Principal Investigator: Zachary Alstad
CoPrincipal Investigator(s): Jodi Asbell-Clarke, Ibrahim Dahlstrom-Hakki
Organization: TERC Inc
NSF Award Information: Using Augmented Reality to Enhance Attention in STEM Learning for Students with Executive Function Disabilities
Abstract:
Using Augmented Reality to Enhance Attention in Science, Technology, Engineering and Mathematics Learning for Students with Executive Function Disabilities

Executive functioning represents a broad skill set that is central to STEM learning and academic success, including skills related to attention, persistence, emotion regulation, and inhibition control. For students with executive function difficulties, focusing during homework and other independent learning tasks is a challenge. Many existing assistive technologies supplementing a student’s organizational capabilities are expensive and exclusionary and rely on students’ ability to organize or initiate their own task monitoring.
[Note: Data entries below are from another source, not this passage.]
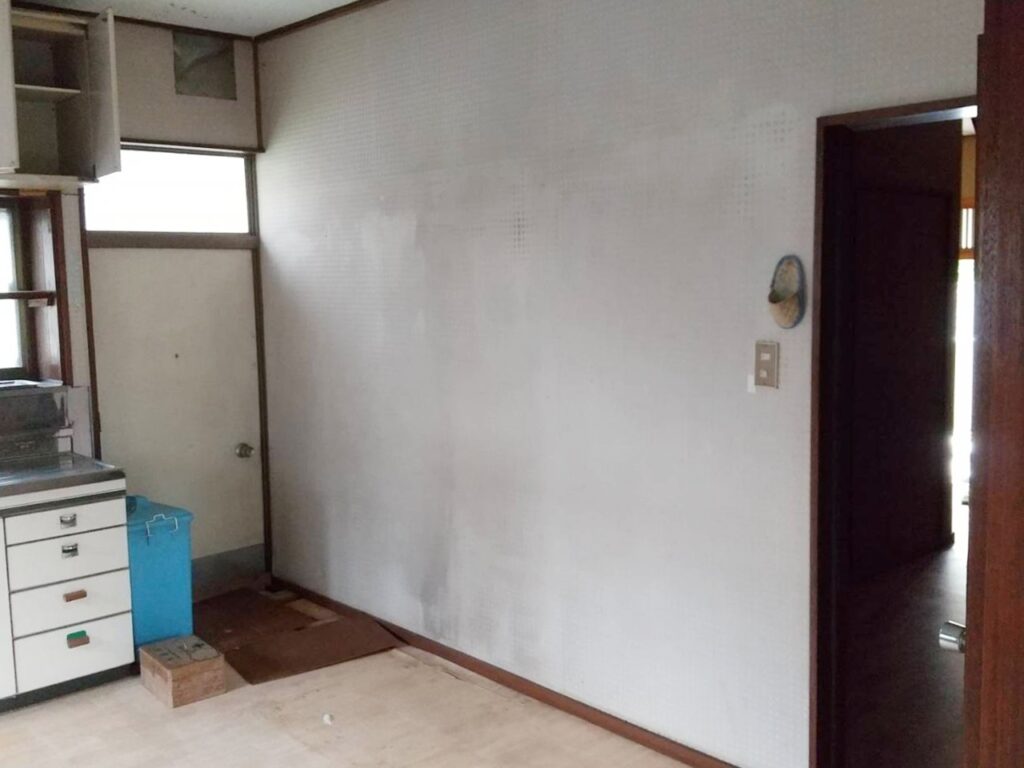 ｸﾛｽの汚れや床の剥がれなどがありました。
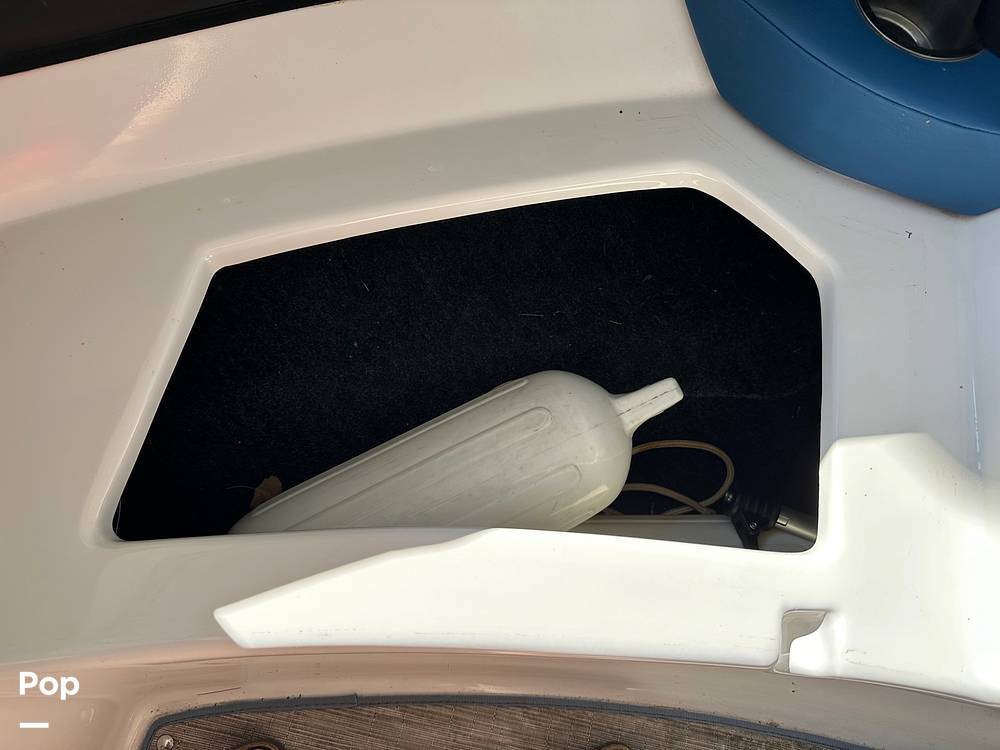 Slide: The Image of Regal 2100 RX SURF 2018 - 14727972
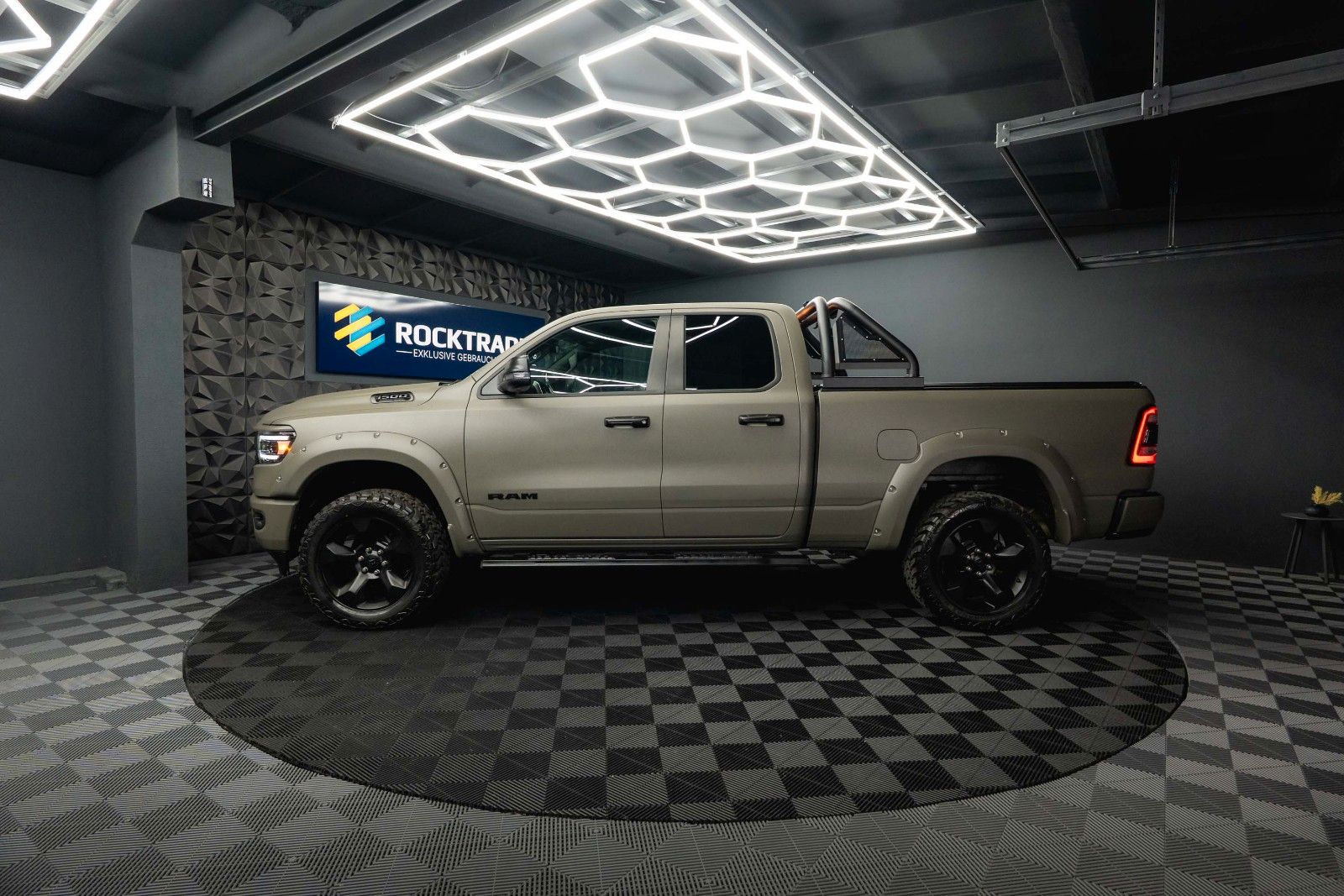 Fahrzeugabbildung Dodge RAM 5.7 V8 HEMI 4x4 OFFROAD LONGBED RAPTOR Style
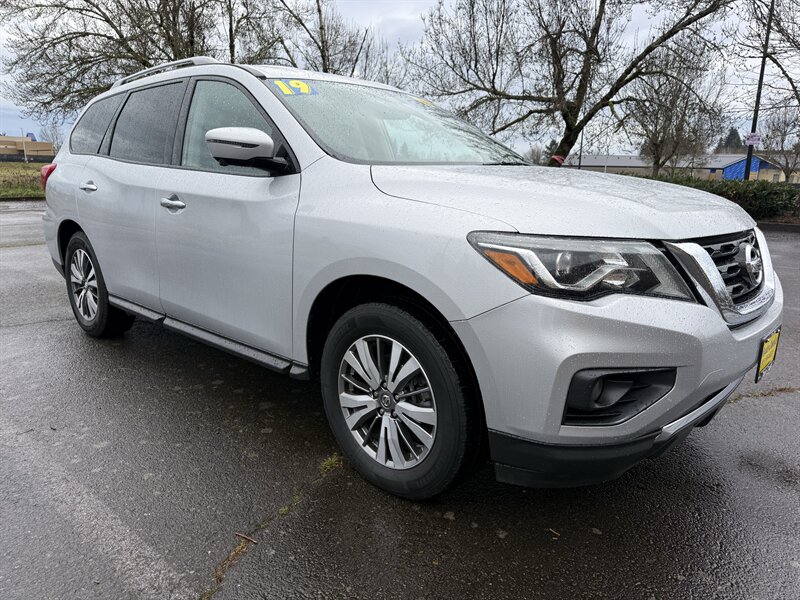2019 Nissan Pathfinder SL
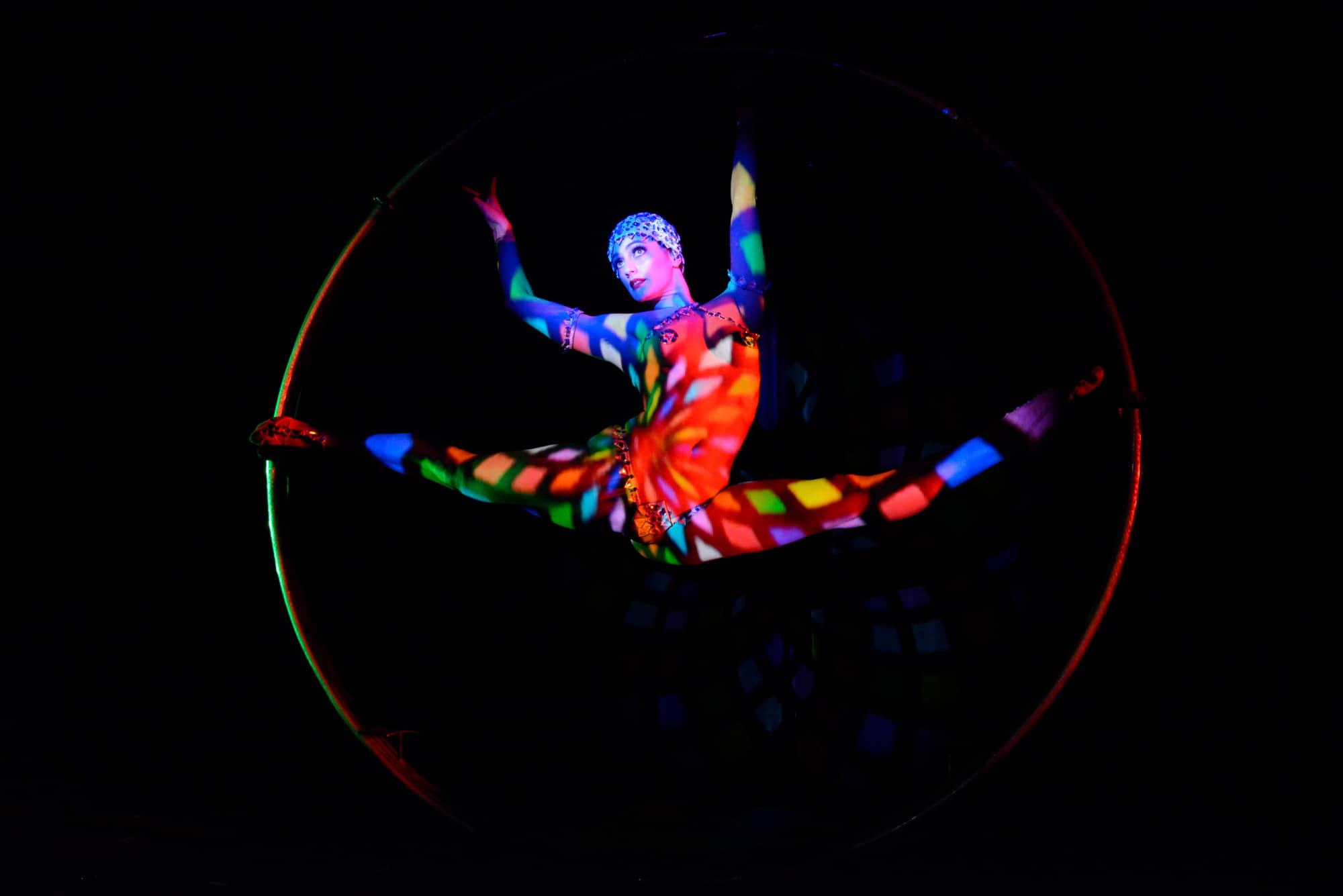Danseuse Lola Kashmir Crazy Horse By Antoine Poupel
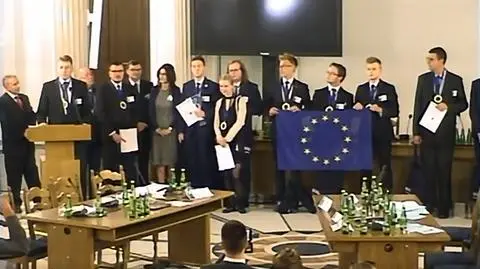 Uczniowie wystąpili w Sejmie z unijną flagą
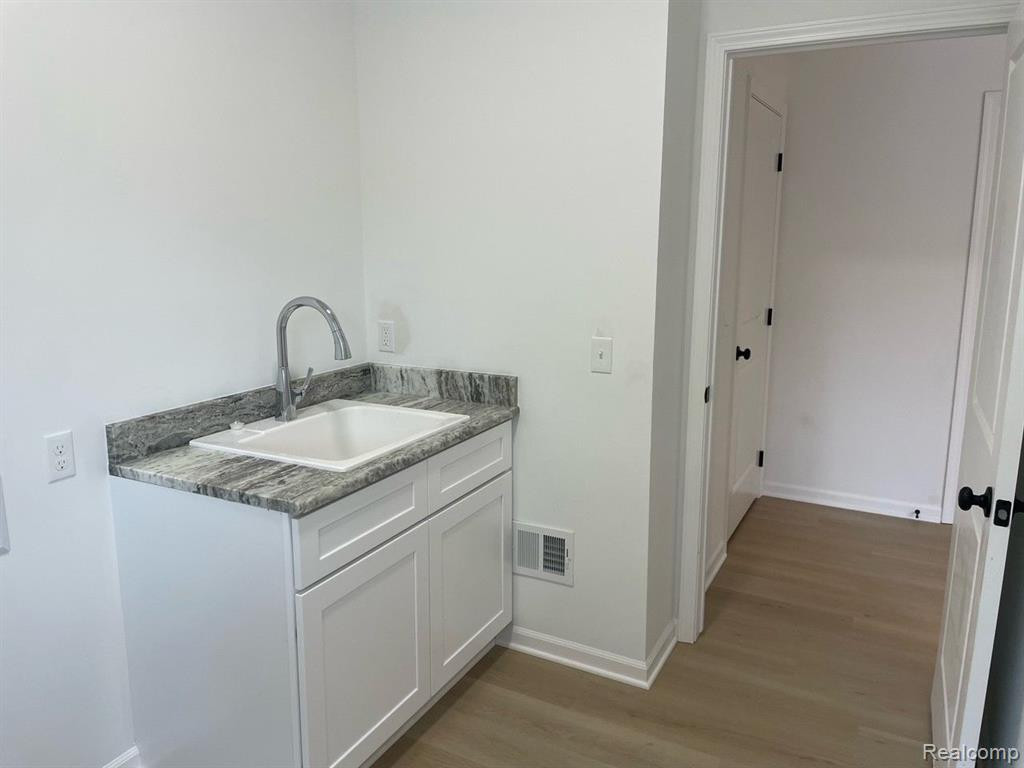 448 W Elza Avenue, Hazel Park, MI 48030 — Photo 13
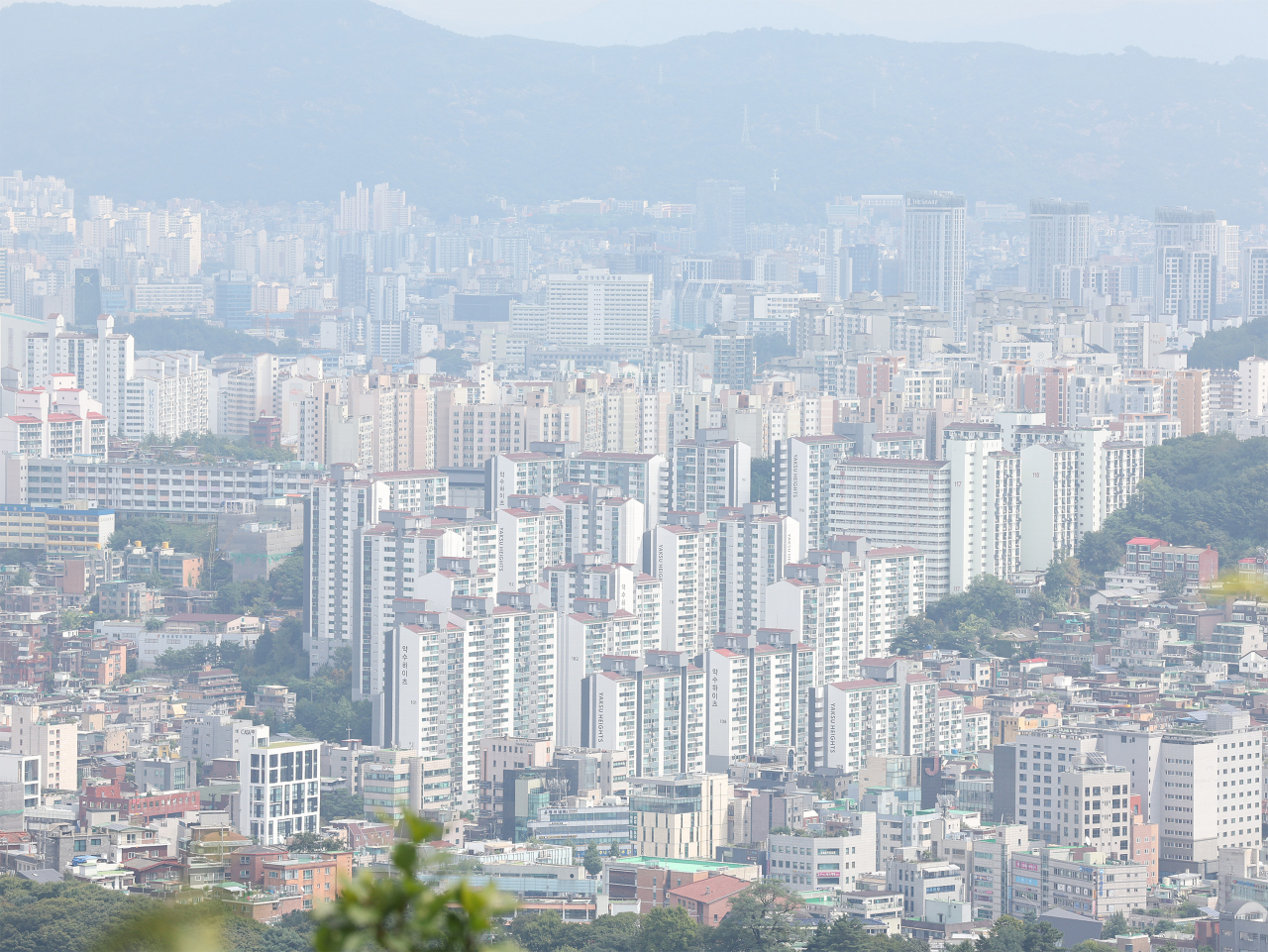 Apartment buildings in central Seoul (Yonhap)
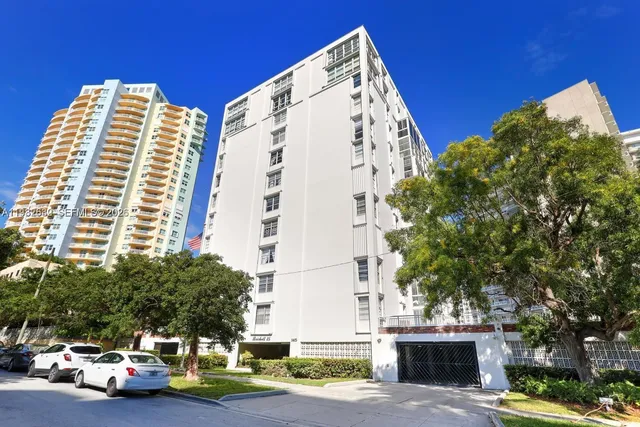 2-bedroom home at 145 SE 25th Road #502, Miami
This project provides an innovative, scalable intervention that enables individuals who struggle with executive functioning to persist and thrive in academic and workplace settings by using Augmented Reality technology to support an individual’s ability to self-monitor their attention and re-engage with the content when they are off task. In the long term, the system has the potential to become a widely used learning technology that improves outcomes for students with and without executive functioning difficulties. The project will serve the public interest by increasing the participation of a population that is currently underrepresented in STEM education and the STEM workforce.

This project will make a novel contribution to both the computer sciences and the learning sciences, achieved through two overarching project goals. First, using a temporal analysis of head position, head orientation, and gaze orientation, the project team will develop an open-source tool based on deep learning algorithms that can detect off-task behavior as undergraduate students work on math homework problems. Second, the team will use augmented reality to provide appropriate feedback to students in the form of redirection or breaks related to their own level of focus and distractibility. Development of this system will involve an iterative prototyping and testing process, and will conclude with an early efficacy study. To explore the most effective prompts, students with executive functioning issues will participate as co-designers of the system. The deep learning algorithm for the detection of off-task behavior is a novel contribution to the computer science field that has potential applications for other subject areas and other types of learning difficulties. Furthermore, the resultant self-monitoring and redirection prompts are a contribution to the learning sciences that can benefit most learners. Thus, this research will be a significant development in the application of augmented reality to learning as it explores the most productive means of student interaction with educational technology in a complex problem space.

This award reflects NSF’s statutory mission and has been deemed worthy of support through evaluation using the Foundation’s intellectual merit and broader impacts review criteria.